* **What the task requires**: Find "Salem Mitchell Photo #1" in the data, then restate the line it sits in and every later line word for word, ending with the last line.

* **Listed records**:
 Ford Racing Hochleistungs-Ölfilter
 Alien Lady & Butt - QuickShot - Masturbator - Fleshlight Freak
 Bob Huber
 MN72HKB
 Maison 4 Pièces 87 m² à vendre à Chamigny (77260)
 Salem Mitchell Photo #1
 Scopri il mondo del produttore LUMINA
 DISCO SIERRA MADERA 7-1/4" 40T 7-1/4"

* **Response for this exercise**:
 Salem Mitchell Photo #1
 Scopri il mondo del produttore LUMINA
 DISCO SIERRA MADERA 7-1/4" 40T 7-1/4"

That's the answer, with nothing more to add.